No reason has been offered by either FEMA or the Department of Homeland Security for the delay in activating OSHA's role.

Some Homeland Security officials are already starting to acknowledge significant weaknesses in the national response plan, which was completely disregarded at times during the crisis.
Hopefully this particular screw up was just another of the many that have been documented and not a deliberate neglect of worker safety. Nevertheless, OSHA's response does raise a number of issues that will need to be addressed in the coming months and years:

  • How will OSHA manage to assemble the needed resources to address the massive worker safety and health threats in the coming months and years with its current resources? At its current staffing and inspection levels, it would take federal OSHA 108 years to inspect each workplace under its jurisdiction just once.
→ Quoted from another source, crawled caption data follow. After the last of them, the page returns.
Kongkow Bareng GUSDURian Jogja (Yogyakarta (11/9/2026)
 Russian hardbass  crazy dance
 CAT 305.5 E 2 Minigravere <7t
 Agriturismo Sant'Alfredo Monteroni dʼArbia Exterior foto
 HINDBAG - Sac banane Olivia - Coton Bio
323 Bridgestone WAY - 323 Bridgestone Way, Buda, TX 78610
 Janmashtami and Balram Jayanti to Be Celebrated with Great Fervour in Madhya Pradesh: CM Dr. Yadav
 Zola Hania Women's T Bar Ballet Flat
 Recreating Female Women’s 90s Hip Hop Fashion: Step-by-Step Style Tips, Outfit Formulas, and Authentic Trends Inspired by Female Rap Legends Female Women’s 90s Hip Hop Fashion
  • How long will OSHA remain in "compliance assistance mode" before deciding that a heavier stick is going to be needed to save lives? While you obviously don't want OSHA taking the time to write citations while the emergency is ongoing, the deadly hazards of the recovery will go on for the foreseeable future. Much of the work will undoubtedly be done by less-than-ethical contractors and low wage workers who are not trained or equipped to do the work safely. (And the suspension of Davis Bacon only makes matters worse.)

    Despite the ongoing health effects of the World Trade Center collapse, OSHA is justifiably proud of the fact that not one worker died during the entire demolition. But that took place over a few square blocks in a relatively short period of time, not thousands of square miles over the entire Gulf Coast between Florida and Texas.

  • How are workers going to learn not just that they should work safety, but that they have a right to a safe workplace, a right to be trained, a right to call for an OSHA inspection and a right to refuse work that may kill them. And that they can exercise these rights without being retaliated against.

  • How is OSHA going to deal with the fact that public employees aren't covered by OSHA in any of these states. Will they still provide technical assistance? Will they work with the states to provide some kind of enforcement? Will this ridiculous situation wake up the legislators of these states about how public employees are treated like second class citizens?